Crawled caption data:
╔══

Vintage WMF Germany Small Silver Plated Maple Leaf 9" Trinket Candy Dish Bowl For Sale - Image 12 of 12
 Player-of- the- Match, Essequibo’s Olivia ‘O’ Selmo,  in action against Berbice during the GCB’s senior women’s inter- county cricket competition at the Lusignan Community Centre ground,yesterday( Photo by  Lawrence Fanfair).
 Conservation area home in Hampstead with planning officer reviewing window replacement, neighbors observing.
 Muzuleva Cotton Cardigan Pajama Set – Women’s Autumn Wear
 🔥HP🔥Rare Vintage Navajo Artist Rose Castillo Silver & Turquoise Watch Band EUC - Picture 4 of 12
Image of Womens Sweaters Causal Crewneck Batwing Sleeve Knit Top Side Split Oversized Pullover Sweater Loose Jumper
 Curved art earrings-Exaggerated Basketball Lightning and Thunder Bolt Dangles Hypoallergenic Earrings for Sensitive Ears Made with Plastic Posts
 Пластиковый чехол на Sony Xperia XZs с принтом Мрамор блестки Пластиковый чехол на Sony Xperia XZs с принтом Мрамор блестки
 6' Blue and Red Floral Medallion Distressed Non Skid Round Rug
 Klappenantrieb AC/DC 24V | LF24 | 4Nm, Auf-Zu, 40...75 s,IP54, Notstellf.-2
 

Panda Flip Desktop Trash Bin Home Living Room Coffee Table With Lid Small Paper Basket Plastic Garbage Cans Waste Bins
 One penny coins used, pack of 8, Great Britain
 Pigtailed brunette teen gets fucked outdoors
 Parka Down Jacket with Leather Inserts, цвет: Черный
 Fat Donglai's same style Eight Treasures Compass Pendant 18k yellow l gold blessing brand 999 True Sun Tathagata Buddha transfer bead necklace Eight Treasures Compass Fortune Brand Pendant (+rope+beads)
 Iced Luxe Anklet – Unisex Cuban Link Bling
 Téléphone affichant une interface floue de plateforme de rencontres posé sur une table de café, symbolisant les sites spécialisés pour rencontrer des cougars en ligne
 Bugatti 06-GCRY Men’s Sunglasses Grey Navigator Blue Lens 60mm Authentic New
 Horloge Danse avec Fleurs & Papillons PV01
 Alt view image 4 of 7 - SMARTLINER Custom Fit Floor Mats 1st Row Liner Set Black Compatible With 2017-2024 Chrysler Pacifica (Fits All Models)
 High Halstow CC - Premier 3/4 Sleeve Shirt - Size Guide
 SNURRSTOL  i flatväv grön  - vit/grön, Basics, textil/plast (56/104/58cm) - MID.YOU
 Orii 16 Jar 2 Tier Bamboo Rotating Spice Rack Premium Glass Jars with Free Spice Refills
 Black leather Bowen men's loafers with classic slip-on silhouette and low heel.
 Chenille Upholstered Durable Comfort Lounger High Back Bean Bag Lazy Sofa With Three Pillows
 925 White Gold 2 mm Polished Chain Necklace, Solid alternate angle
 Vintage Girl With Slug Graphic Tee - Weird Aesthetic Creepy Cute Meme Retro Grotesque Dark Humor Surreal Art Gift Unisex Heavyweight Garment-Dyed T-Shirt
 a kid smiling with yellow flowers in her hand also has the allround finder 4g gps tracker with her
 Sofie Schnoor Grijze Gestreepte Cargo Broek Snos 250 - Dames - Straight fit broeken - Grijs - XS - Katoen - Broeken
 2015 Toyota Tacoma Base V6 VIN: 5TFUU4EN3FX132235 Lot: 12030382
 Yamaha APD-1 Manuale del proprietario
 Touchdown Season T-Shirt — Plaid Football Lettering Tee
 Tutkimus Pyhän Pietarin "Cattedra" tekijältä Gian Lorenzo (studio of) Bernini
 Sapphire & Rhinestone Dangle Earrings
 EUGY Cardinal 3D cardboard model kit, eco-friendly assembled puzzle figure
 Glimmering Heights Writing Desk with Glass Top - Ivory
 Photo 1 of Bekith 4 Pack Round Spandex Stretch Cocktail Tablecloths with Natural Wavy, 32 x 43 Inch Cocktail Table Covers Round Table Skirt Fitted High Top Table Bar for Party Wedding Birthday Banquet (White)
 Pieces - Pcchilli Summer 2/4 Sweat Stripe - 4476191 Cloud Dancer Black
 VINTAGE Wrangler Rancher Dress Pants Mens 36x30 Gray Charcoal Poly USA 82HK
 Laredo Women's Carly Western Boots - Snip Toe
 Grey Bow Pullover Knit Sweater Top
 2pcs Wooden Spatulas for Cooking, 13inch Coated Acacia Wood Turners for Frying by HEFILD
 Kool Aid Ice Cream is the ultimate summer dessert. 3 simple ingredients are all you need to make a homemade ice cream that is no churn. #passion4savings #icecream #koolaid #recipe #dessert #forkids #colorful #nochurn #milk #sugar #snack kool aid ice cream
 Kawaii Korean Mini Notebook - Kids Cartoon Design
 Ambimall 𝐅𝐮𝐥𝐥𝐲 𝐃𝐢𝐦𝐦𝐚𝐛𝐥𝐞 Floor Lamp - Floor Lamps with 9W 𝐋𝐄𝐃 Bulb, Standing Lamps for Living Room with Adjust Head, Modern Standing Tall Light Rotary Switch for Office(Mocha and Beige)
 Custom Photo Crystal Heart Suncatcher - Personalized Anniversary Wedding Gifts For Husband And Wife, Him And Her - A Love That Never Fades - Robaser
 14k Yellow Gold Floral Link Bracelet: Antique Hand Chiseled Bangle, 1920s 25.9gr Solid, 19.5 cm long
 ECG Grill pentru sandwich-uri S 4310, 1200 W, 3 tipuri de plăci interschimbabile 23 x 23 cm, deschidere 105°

╚══

▸ **Directions**
Each line above needs to be returned exactly as it is.

▸ **Exercise solution**
Vintage WMF Germany Small Silver Plated Maple Leaf 9" Trinket Candy Dish Bowl For Sale - Image 12 of 12
 Player-of- the- Match, Essequibo’s Olivia ‘O’ Selmo,  in action against Berbice during the GCB’s senior women’s inter- county cricket competition at the Lusignan Community Centre ground,yesterday( Photo by  Lawrence Fanfair).
 Conservation area home in Hampstead with planning officer reviewing window replacement, neighbors observing.
 Muzuleva Cotton Cardigan Pajama Set – Women’s Autumn Wear
 🔥HP🔥Rare Vintage Navajo Artist Rose Castillo Silver & Turquoise Watch Band EUC - Picture 4 of 12
Image of Womens Sweaters Causal Crewneck Batwing Sleeve Knit Top Side Split Oversized Pullover Sweater Loose Jumper
 Curved art earrings-Exaggerated Basketball Lightning and Thunder Bolt Dangles Hypoallergenic Earrings for Sensitive Ears Made with Plastic Posts
 Пластиковый чехол на Sony Xperia XZs с принтом Мрамор блестки Пластиковый чехол на Sony Xperia XZs с принтом Мрамор блестки
 6' Blue and Red Floral Medallion Distressed Non Skid Round Rug
 Klappenantrieb AC/DC 24V | LF24 | 4Nm, Auf-Zu, 40...75 s,IP54, Notstellf.-2
 

Panda Flip Desktop Trash Bin Home Living Room Coffee Table With Lid Small Paper Basket Plastic Garbage Cans Waste Bins
 One penny coins used, pack of 8, Great Britain
 Pigtailed brunette teen gets fucked outdoors
 Parka Down Jacket with Leather Inserts, цвет: Черный
 Fat Donglai's same style Eight Treasures Compass Pendant 18k yellow l gold blessing brand 999 True Sun Tathagata Buddha transfer bead necklace Eight Treasures Compass Fortune Brand Pendant (+rope+beads)
 Iced Luxe Anklet – Unisex Cuban Link Bling
 Téléphone affichant une interface floue de plateforme de rencontres posé sur une table de café, symbolisant les sites spécialisés pour rencontrer des cougars en ligne
 Bugatti 06-GCRY Men’s Sunglasses Grey Navigator Blue Lens 60mm Authentic New
 Horloge Danse avec Fleurs & Papillons PV01
 Alt view image 4 of 7 - SMARTLINER Custom Fit Floor Mats 1st Row Liner Set Black Compatible With 2017-2024 Chrysler Pacifica (Fits All Models)
 High Halstow CC - Premier 3/4 Sleeve Shirt - Size Guide
 SNURRSTOL  i flatväv grön  - vit/grön, Basics, textil/plast (56/104/58cm) - MID.YOU
 Orii 16 Jar 2 Tier Bamboo Rotating Spice Rack Premium Glass Jars with Free Spice Refills
 Black leather Bowen men's loafers with classic slip-on silhouette and low heel.
 Chenille Upholstered Durable Comfort Lounger High Back Bean Bag Lazy Sofa With Three Pillows
 925 White Gold 2 mm Polished Chain Necklace, Solid alternate angle
 Vintage Girl With Slug Graphic Tee - Weird Aesthetic Creepy Cute Meme Retro Grotesque Dark Humor Surreal Art Gift Unisex Heavyweight Garment-Dyed T-Shirt
 a kid smiling with yellow flowers in her hand also has the allround finder 4g gps tracker with her
 Sofie Schnoor Grijze Gestreepte Cargo Broek Snos 250 - Dames - Straight fit broeken - Grijs - XS - Katoen - Broeken
 2015 Toyota Tacoma Base V6 VIN: 5TFUU4EN3FX132235 Lot: 12030382
 Yamaha APD-1 Manuale del proprietario
 Touchdown Season T-Shirt — Plaid Football Lettering Tee
 Tutkimus Pyhän Pietarin "Cattedra" tekijältä Gian Lorenzo (studio of) Bernini
 Sapphire & Rhinestone Dangle Earrings
 EUGY Cardinal 3D cardboard model kit, eco-friendly assembled puzzle figure
 Glimmering Heights Writing Desk with Glass Top - Ivory
 Photo 1 of Bekith 4 Pack Round Spandex Stretch Cocktail Tablecloths with Natural Wavy, 32 x 43 Inch Cocktail Table Covers Round Table Skirt Fitted High Top Table Bar for Party Wedding Birthday Banquet (White)
 Pieces - Pcchilli Summer 2/4 Sweat Stripe - 4476191 Cloud Dancer Black
 VINTAGE Wrangler Rancher Dress Pants Mens 36x30 Gray Charcoal Poly USA 82HK
 Laredo Women's Carly Western Boots - Snip Toe
 Grey Bow Pullover Knit Sweater Top
 2pcs Wooden Spatulas for Cooking, 13inch Coated Acacia Wood Turners for Frying by HEFILD
 Kool Aid Ice Cream is the ultimate summer dessert. 3 simple ingredients are all you need to make a homemade ice cream that is no churn. #passion4savings #icecream #koolaid #recipe #dessert #forkids #colorful #nochurn #milk #sugar #snack kool aid ice cream
 Kawaii Korean Mini Notebook - Kids Cartoon Design
 Ambimall 𝐅𝐮𝐥𝐥𝐲 𝐃𝐢𝐦𝐦𝐚𝐛𝐥𝐞 Floor Lamp - Floor Lamps with 9W 𝐋𝐄𝐃 Bulb, Standing Lamps for Living Room with Adjust Head, Modern Standing Tall Light Rotary Switch for Office(Mocha and Beige)
 Custom Photo Crystal Heart Suncatcher - Personalized Anniversary Wedding Gifts For Husband And Wife, Him And Her - A Love That Never Fades - Robaser
 14k Yellow Gold Floral Link Bracelet: Antique Hand Chiseled Bangle, 1920s 25.9gr Solid, 19.5 cm long
 ECG Grill pentru sandwich-uri S 4310, 1200 W, 3 tipuri de plăci interschimbabile 23 x 23 cm, deschidere 105°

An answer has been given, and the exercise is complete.